Sunday 19 August 2018

Pay rises kick in as 62 new companies set up every day

Weekly earnings are now rising by 2pc

Finance Minister Paschal Donohoe. Photo: Steve Humphreys
Finance Minister Paschal Donohoe. Photo: Steve Humphreys

Philip Ryan and  Alan O'Keeffe Exclusive

Minister for Finance Paschal Donohoe has urged employers to reward workers with pay increases to spread the benefits of rapid economic growth.

Speaking exclusively to the Sunday Independent, Mr Donohoe said there are already signs that employers are rewarding employees by increasing salaries as the economy booms.

That assessment of our economic performance was backed by Ajai Chopra, the former senior official at the International Monetary Fund (IMF), who played a central role in the 2010 bailout. He described current growth as "impressive".

Mr Chopra, now an independent consultant, told the Sunday Independent: "As with the global economy, Ireland is enjoying strong growth momentum and has been for some years now. What is most impressive about the Irish case is that this growth is not only in the volatile multinational sector.

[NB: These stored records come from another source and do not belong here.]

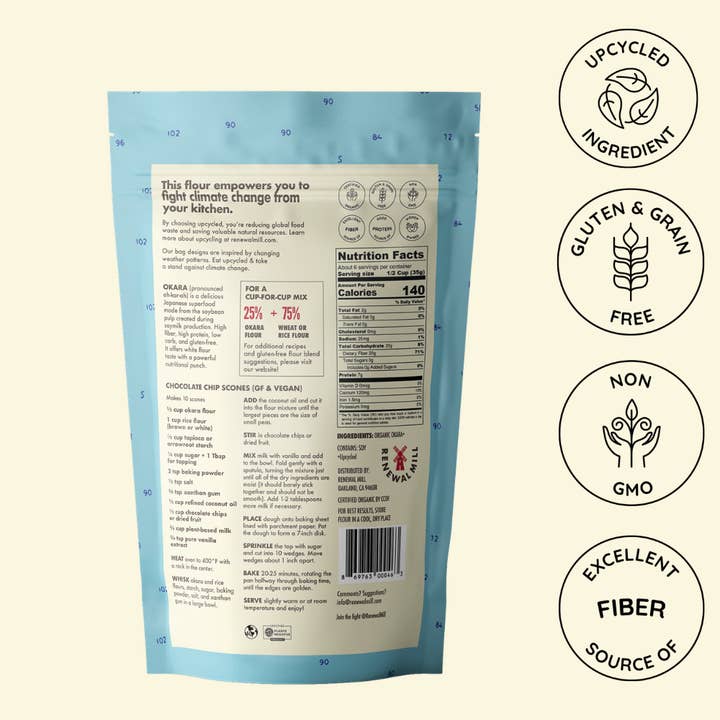 Renewal Mill - Vendita all'ingrosso Farine - Farina di Okara Biologica Ciclizzata (Senza Glutine, Keto, Basso Carb)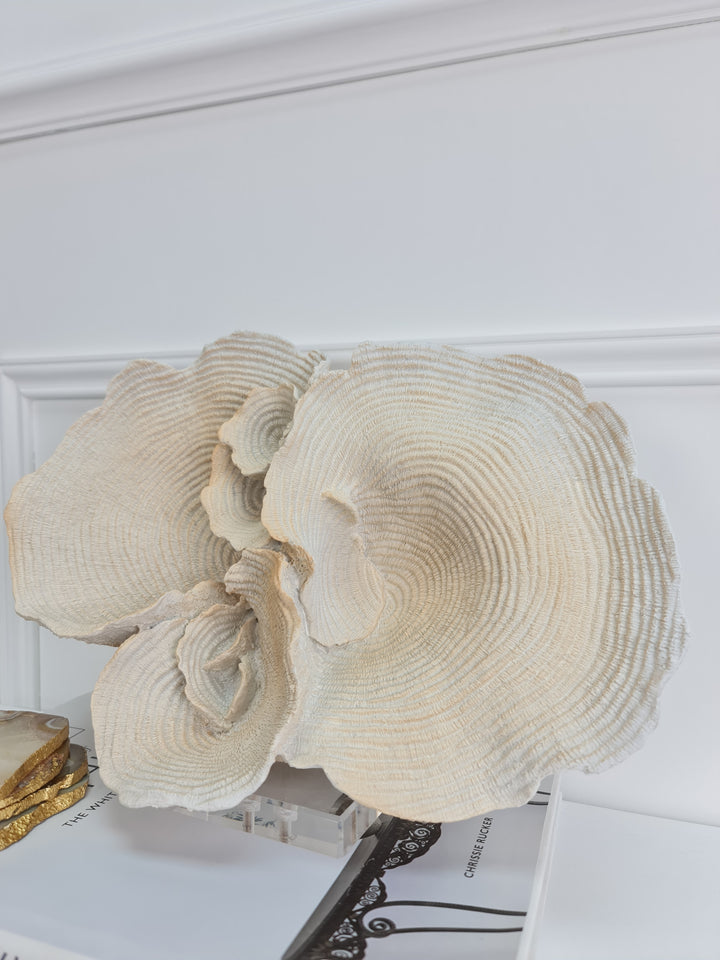 Faux White Coral Sculpture Decor on Acrylic Bases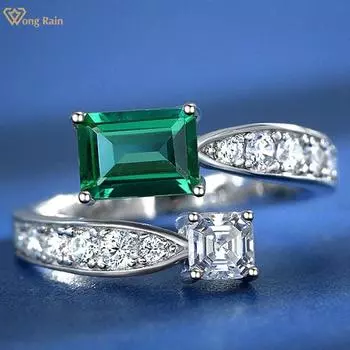 Wong Rain Винтажное 100% стерлинговое серебро 925 пробы изумрудной огранки с цирконами и драгоценными камнями, открытое регулируемое кольцо для женщин, ювелирные изделия
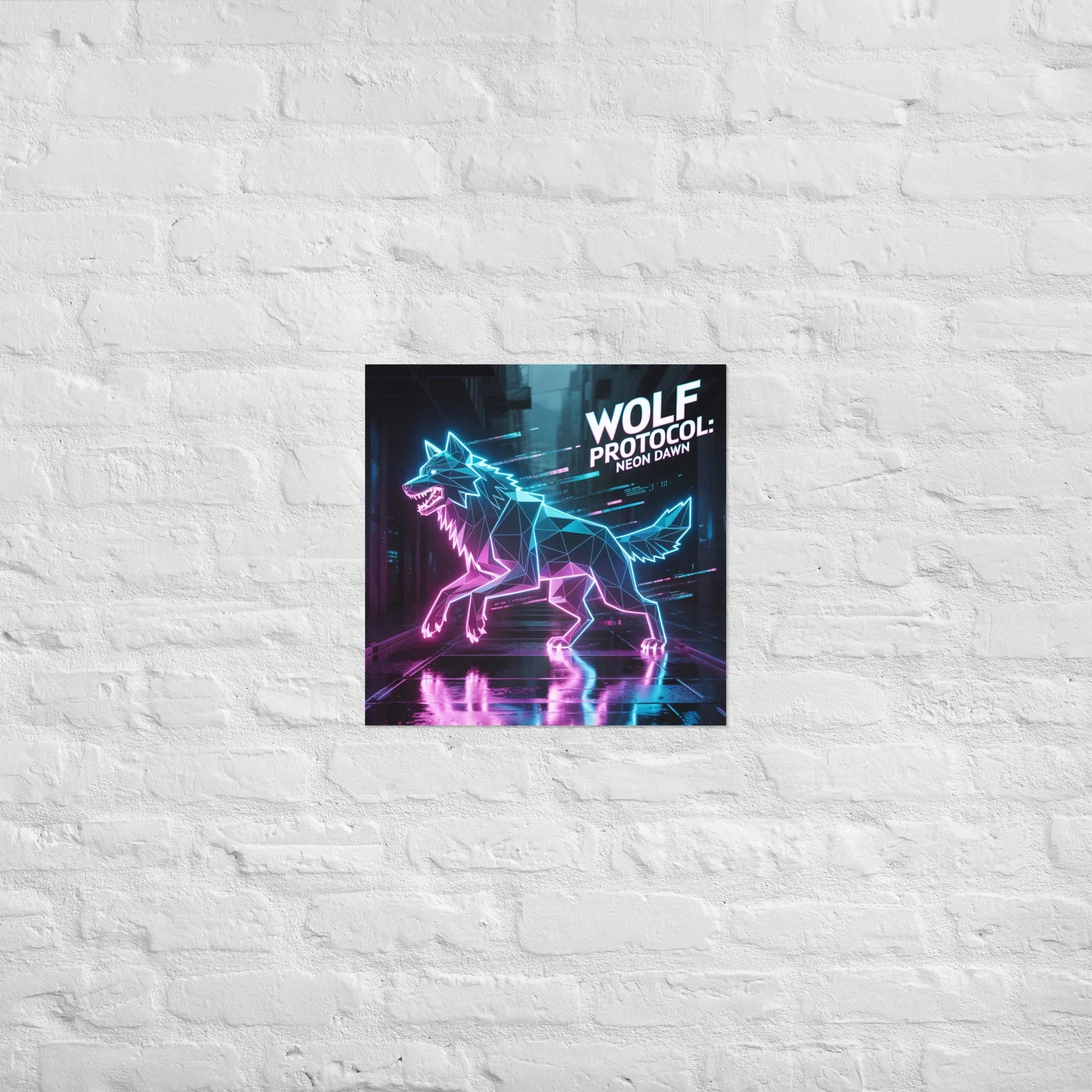 Wolf Protocol: Neon Dawn – Cyberpunk Wolf Art for Futuristic Gamer Decor - RaZits
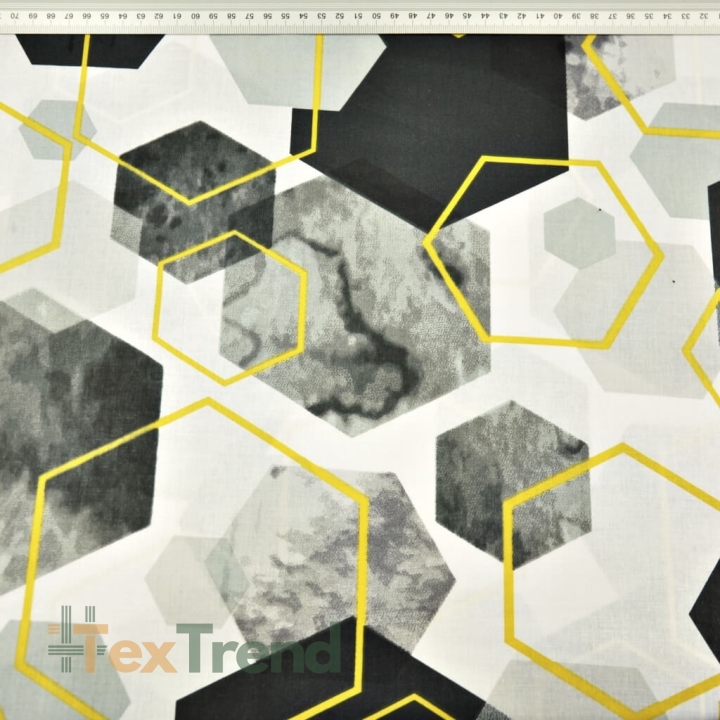 Baumwolle 100% geometrische Rauten grau-schwarz-gold auf weiß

The strong performance is benefiting the people directly as employment continues to grow smartly and many people have more money to spend."

An analysis by economist and Sunday Independent columnist Dan O'Brien shows that households have more money in their pockets as weekly earnings rose by an average of 2pc last year.

And the chair of the Fiscal Council, economist Seamus Coffey, has given an upbeat appraisal of the economy, signalling that household income grew by up to 6pc last year.

Finance Minister Donohoe was adamant that workers should benefit from improved economic performance and be rewarded for their restraint.

"I would encourage employers to take a steady approach to wage growth," the minister said.

"When you see employers moving wages now at approximately 2pc across the year, it is a sign that employers realise the difficulties we've all gone through.

"They also recognise the need to support their employees to give them a good standard of living in return for the contribution they have made to their businesses.

"If we can keep at that approach for a number of years it gives us the opportunity to balance our books and invest in public services while maintaining competitiveness."

However, he warned against overheating the economy.

"The last time we were at this place in our economy government spending grew too quickly, wages grew at a rate that proved to be unaffordable and we ended up ruining our economy and we all have a duty to ensure that does not happen again," Mr Donohoe said.

Economist Dan O'Brien said: "Pay last year finally began to grow at a rate that people will feel in their pockets."

He added: "After years of near stagnation, quarterly figures on average hourly and weekly earnings suggest that growth of both measures was around three times faster in 2017 than in 2016."

He calculated that weekly earnings increased by more than 2pc last year while hourly pay rose by just under 2pc.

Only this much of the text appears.